The steps I will follow in making my point are the following:
- Italian growth performance has been miserable for the last 17 years,
- Sustainability Analyses show Italy`s fragile situation. One crucial factor determining sustainability is the rate of real growth,
- Italy has a dismal record when it comes to economic flexibility and competitiveness,
- There are numerous cases in the €-area of countries that managed to improve their economic performance, achieving an acceleration of growth analogous to the one Italy would need to bring its debt sustainability in a safe zone,
- Seen in the long term time horizon on which this post concentrates, the continuous begging by the Italian government for fiscal flexibility from European authorities is, at best, irrelevant, at worst confusing,
- In launching a program of structural innovation, Italy should concentrate on those measures that bring higher growth over relatively short time spans so that the market sees improving sustainability and the electorate improving living conditions.

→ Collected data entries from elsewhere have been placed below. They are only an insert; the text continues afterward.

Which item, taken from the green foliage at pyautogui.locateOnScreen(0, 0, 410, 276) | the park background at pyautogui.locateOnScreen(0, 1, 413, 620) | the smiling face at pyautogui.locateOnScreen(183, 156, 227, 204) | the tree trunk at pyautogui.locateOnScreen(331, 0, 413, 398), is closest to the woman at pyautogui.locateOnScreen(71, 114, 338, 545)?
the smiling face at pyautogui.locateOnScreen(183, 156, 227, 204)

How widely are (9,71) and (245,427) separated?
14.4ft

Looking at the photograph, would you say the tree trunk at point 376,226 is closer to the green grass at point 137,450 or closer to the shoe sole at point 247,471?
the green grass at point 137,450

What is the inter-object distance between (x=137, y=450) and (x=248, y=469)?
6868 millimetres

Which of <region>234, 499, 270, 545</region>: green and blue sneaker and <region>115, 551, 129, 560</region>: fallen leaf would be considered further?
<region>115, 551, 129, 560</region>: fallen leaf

I.Italian growth performance has been miserable for the last 17 years.
Figure 1 shows that Italy´s real GDP is at the same level of 2000, so Italy recorded on average no growth over the last 17 years. There are, however, two growth phases: a period of decent growth between 2000 and 2007 and then the large losses since 2008. The IMF then forecasts some growth for the second half of the 2010s.

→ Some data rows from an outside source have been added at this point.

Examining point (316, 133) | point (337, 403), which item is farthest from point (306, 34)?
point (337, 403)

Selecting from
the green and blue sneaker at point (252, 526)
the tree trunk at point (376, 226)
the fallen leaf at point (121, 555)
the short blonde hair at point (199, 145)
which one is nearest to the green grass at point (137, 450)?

Figure 1. Italy`s real income
Source: IMF WEO.
Another measure of Italy`s dismal growth performance in recent years is that its GDP is nearly 8 per cent below its level in 2007, so Italy is the country that has lost more GDP during the Great Recession after Greece (-26 per cent) and is one of the only 7 countries out of 19 in the €-area that did not manage to recover as yet the losses recorded during the Great Recession.
What adds to the worry is that Italy, contrary to normal long term developments, produces less output now than it produced, with similar input of labour and capital, before the Great Recession, as shown by the fact that Total Factor Productivity has come down on average since the beginning of the 2000s, as documented in Figure 2.
Figure 2. Growth of Total Factor Productivity in Italy. 1995-2015.
Source : Total Economy Database.
II.Sustainability Analyses show Italy`s fragile situation. One crucial factor determining sustainability is the rate of real growth.
Two main facts emerge looking at different debt sustainability analyses applied to Italy:
- Italy´s debt should be sustainable, but this conclusion is fragile,
- Among the parameters determining sustainability, the growth of real income plays a crucial role.
The sustainability, but also the fragility, of Italy´s DSA is shown in the most accurate DSA I am aware of, the one carried out by Cline in 2012 and then updated in 2014 3. His exercise has the advantage of considering debt sustainability in an explicit probabilistic setting, in which joint probabilities of events are considered, providing a whole distribution of results, thus moving beyond the too coarse Sustainable/Not Sustainable alternative. His baseline conclusion is that Italian debt should be sustainable, but a look at his assumptions shows the difficulty of setting them as well as the risk for sustainability coming from less favourable assumptions. For instance, for the first 4 years of Cline´s 2014 simulation (2013 to 2016) Table 1 reports his baseline critical parameters as well as the actual data, reported in bold 4. The table also reports Cline`s assumptions for 2017 and 2020, the final year in his simulation and, underlined, European Commission forecasts. The effective interest rates are drawn from an IMF publication.
Table 1. Cline´s critical Italy DSA parameters and actual data. 2013-2016.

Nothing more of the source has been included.